Há uma opção por pagamento antecipado de 5% no ganho de capital de bem imóvel. Esse favor aos mais ricos antecipará caixa em ano eleitoral e aumentará a desigualdade. É o oposto do programa de Joe Biden que prevê tributar ganhos de capital no mesmo patamar da renda assalariada, como forma de atingir o 1% mais rico e evitar planejamentos abusivos.

Finalmente, elimina-se a nossa jabuticaba tributária, a isenção sobre lucros e dividendos distribuídos, algo que só existe aqui e na Estônia – refiro-me à isenção, já que desconheço se jabuticabas crescem no Báltico! Propõe tributá-los em 20% na fonte, eliminar deduções com juros sobre o capital próprio e com gratificações por bônus de ações da empresa.

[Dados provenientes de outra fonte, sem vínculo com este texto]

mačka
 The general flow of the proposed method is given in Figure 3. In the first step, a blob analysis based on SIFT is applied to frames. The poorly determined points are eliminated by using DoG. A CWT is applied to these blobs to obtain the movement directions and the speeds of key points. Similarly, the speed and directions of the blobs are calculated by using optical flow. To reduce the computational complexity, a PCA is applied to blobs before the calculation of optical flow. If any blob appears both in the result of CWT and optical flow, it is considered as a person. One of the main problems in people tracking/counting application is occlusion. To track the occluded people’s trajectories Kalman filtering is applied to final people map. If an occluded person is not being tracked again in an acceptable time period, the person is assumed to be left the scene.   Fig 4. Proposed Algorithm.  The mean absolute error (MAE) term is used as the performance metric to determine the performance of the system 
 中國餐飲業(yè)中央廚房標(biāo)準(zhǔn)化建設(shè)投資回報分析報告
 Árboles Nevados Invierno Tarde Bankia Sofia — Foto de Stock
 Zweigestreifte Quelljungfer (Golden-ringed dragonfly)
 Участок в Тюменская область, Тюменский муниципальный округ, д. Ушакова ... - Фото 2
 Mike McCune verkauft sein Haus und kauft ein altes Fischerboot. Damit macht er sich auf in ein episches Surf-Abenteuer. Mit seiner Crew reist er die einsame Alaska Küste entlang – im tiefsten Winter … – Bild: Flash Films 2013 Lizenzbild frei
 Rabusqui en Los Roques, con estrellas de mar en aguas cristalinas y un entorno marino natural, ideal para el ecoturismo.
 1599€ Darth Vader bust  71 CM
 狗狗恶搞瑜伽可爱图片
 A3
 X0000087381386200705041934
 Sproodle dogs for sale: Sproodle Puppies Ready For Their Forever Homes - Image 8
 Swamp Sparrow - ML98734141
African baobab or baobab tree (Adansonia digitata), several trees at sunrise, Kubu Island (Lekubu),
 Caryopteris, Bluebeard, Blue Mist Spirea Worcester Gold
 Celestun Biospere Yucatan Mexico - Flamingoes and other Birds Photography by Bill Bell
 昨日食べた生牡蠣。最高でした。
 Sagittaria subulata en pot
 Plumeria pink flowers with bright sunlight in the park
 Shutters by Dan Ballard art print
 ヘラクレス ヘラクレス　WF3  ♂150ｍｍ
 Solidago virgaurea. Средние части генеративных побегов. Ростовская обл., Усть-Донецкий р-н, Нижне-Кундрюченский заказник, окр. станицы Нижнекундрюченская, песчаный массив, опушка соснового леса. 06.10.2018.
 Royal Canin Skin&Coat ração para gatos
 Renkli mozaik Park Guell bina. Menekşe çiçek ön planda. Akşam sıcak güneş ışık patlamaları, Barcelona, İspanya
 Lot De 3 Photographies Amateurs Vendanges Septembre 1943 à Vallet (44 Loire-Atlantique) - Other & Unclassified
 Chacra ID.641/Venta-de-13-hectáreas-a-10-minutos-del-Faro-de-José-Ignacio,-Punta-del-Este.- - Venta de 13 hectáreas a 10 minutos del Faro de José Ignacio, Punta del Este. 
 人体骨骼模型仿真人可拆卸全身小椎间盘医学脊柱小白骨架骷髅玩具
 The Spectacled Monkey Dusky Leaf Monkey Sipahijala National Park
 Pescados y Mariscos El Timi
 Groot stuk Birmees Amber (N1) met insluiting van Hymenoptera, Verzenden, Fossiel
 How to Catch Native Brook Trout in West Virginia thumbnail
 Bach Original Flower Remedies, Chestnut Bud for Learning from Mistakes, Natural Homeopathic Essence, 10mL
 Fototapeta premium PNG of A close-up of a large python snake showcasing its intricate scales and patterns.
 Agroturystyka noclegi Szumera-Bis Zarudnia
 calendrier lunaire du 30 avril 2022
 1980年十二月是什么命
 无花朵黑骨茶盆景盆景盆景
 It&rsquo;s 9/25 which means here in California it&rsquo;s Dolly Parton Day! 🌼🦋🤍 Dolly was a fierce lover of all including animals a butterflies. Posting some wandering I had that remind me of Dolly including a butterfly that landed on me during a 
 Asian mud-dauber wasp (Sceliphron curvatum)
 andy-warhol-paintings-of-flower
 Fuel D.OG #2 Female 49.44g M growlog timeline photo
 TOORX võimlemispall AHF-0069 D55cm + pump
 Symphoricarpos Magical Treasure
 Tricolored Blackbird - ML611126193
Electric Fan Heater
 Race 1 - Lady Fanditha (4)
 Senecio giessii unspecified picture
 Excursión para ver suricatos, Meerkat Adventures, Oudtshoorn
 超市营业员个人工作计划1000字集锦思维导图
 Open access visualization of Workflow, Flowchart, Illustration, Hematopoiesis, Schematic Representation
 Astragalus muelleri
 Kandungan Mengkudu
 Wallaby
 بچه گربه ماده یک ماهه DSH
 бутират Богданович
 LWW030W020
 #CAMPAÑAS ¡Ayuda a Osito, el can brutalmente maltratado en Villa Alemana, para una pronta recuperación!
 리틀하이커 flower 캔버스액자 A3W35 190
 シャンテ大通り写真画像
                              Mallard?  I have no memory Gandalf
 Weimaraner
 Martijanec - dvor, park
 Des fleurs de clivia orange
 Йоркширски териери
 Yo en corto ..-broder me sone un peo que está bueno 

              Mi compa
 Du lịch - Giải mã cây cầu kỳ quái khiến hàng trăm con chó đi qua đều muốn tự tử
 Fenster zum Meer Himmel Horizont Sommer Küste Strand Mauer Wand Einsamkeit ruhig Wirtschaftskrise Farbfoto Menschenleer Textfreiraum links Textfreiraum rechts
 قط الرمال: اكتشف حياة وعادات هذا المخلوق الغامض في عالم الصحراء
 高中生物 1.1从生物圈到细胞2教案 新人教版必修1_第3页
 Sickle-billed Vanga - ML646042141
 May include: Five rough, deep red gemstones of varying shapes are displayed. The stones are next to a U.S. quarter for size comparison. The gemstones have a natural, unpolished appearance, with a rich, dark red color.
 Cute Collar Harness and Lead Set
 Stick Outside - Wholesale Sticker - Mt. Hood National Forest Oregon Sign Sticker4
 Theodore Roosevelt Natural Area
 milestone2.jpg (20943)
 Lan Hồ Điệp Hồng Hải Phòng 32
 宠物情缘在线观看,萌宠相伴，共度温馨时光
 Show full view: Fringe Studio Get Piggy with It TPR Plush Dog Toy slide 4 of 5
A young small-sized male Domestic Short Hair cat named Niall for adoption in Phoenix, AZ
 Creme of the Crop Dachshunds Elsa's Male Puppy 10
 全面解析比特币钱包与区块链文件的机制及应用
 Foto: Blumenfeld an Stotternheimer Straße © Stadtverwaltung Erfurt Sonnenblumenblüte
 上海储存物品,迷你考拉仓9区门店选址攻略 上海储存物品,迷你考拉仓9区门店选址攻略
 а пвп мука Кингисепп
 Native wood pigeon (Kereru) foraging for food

Supostamente ajusta a conta com a redução gradativa de alíquota do Imposto de Renda da pessoa jurídica até 2023, de 25% a 20%, técnica usada em outros países. Porém, mantém alíquotas mais elevadas do que de membros da OCDE, incluídas as contribuições sobre faturamento e folha de salários. E estimula o capital especulativo, que terá alíquota única de 15% sem o atual escalonamento regressivo para os investimentos financeiros, nem diferenciação pelo risco, em detrimento das alíquotas maiores no campo produtivo. Não há estímulo a reinvestimento, nem desestímulo à distribuição disfarçada de lucros ou à pejotização, pois a proposta mantém a isenção para micro e pequenas empresas. O efeito será o inverso.

Para uma equipe econômica dita liberal, não há nada mais antiliberal. É só uma proposta eleitoreira tipo plunt plact zum, que, ao que tudo indica, não vai a lugar algum.